_What to do_:
Everything in the data below is left aside except the lines from the one containing "Iota Phi Theta" through the one containing "Hideaki Konsolbord 150"; repeat those exactly.

########################################

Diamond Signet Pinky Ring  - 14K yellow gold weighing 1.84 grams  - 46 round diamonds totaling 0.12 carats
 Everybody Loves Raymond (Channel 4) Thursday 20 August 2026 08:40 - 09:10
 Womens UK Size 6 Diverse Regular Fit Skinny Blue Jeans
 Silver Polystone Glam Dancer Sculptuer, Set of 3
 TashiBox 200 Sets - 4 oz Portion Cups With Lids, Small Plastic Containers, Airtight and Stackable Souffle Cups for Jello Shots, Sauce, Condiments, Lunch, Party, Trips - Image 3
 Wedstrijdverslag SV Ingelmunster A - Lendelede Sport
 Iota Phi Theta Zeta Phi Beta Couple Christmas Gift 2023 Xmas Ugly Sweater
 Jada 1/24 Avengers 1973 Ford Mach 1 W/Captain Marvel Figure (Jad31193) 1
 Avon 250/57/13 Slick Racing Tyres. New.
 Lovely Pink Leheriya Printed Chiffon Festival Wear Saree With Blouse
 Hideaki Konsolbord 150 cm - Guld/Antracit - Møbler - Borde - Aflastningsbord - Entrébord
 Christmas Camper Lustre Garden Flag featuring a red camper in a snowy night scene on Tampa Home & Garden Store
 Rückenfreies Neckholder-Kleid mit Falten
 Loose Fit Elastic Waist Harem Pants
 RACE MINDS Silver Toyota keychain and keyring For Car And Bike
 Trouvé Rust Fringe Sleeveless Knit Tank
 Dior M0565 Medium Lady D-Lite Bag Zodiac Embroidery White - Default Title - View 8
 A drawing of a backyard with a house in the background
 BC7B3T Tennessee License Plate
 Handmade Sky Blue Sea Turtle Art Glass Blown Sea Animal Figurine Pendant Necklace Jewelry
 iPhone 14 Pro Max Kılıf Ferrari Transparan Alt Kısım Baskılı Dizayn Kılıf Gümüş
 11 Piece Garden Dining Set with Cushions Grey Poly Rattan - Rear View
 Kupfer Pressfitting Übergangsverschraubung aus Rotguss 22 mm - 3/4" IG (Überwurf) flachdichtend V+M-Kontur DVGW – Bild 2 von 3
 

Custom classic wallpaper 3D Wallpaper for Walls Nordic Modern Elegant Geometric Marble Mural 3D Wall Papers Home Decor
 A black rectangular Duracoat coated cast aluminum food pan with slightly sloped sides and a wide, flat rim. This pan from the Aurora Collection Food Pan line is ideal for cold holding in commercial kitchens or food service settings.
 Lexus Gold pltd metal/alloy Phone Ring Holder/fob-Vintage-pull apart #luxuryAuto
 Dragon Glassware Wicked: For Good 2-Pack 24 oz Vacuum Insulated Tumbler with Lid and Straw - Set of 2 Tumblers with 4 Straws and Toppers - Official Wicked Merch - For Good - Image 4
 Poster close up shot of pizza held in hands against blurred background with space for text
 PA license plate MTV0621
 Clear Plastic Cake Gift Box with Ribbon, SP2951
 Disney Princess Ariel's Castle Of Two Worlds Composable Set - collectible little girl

########################################

_Written solution_:
 Iota Phi Theta Zeta Phi Beta Couple Christmas Gift 2023 Xmas Ugly Sweater
 Jada 1/24 Avengers 1973 Ford Mach 1 W/Captain Marvel Figure (Jad31193) 1
 Avon 250/57/13 Slick Racing Tyres. New.
 Lovely Pink Leheriya Printed Chiffon Festival Wear Saree With Blouse
 Hideaki Konsolbord 150 cm - Guld/Antracit - Møbler - Borde - Aflastningsbord - Entrébord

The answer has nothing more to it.